DEV Community

Cover image for The Mechanics of Distributed Tracing in OpenTelemetry
Siddhant Khare
Siddhant Khare

Posted on

The Mechanics of Distributed Tracing in OpenTelemetry

Introduction

OpenTelemetry is an open-source observability framework that provides mechanisms for creating and sending traces, metrics, and logs. It consists of various elements such as protocols for transmission and SDKs for different programming languages. In this article, we will explore how OpenTelemetry achieves distributed tracing.

What is Distributed Tracing?

Distributed tracing is a technique for tracking and monitoring traces across multiple servers, like microservices.

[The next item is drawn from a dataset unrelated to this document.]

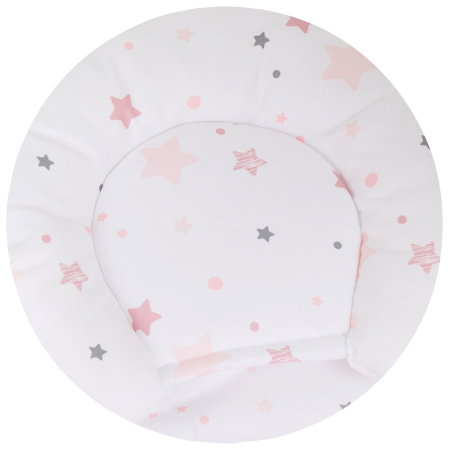 Leagan electric Chipolino Moonlight flamingo 6 luni [5]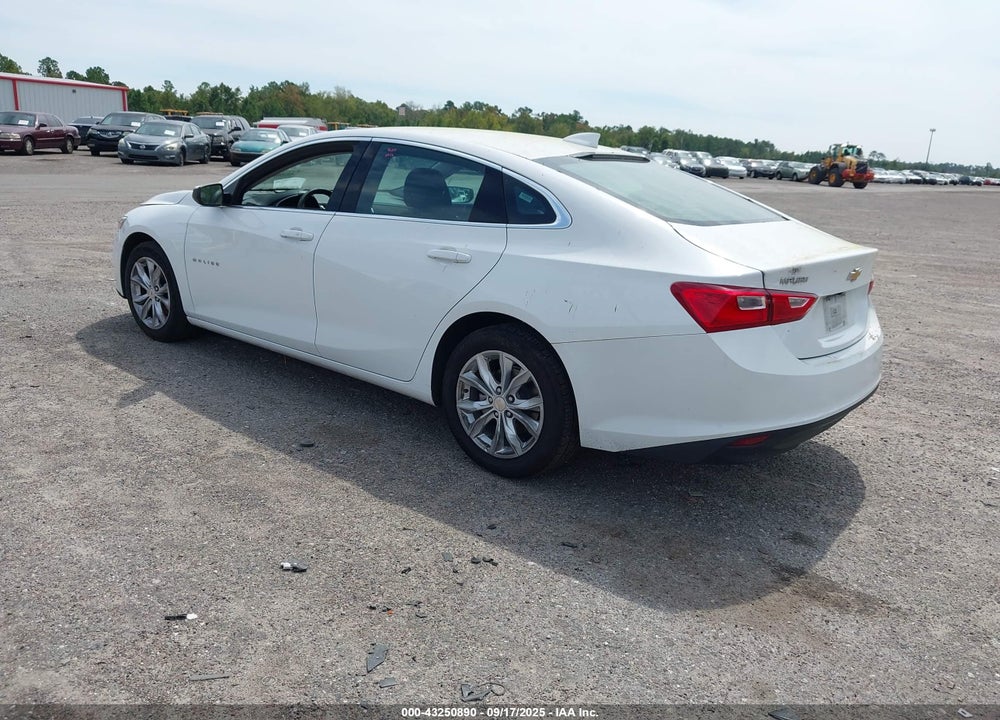 2023 CHEVROLET MALIBU VIN: 1G1ZD5ST2PF236682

It helps to visualize and understand the flow of a request as it traverses through different services.

Key Components of Distributed Tracing

  • Trace: A collection of spans representing a single request or transaction.
  • Span: A single unit of work within a trace, representing a specific operation.

A trace is a tree structure composed of multiple spans. Here's a visual representation:

Image description

Explain Like I'm 5 explanation about Distributed Tracing (for LinkedIn users, for Twitter users)

Understanding Trace from Span

To achieve distributed tracing, it is essential to understand the relationship between traces and spans. Each span includes the following elements:

  • TraceId: The ID of the trace to which the span belongs.
  • SpanId: A unique ID for the span within the trace.
  • ParentSpanId: The ID of the parent span.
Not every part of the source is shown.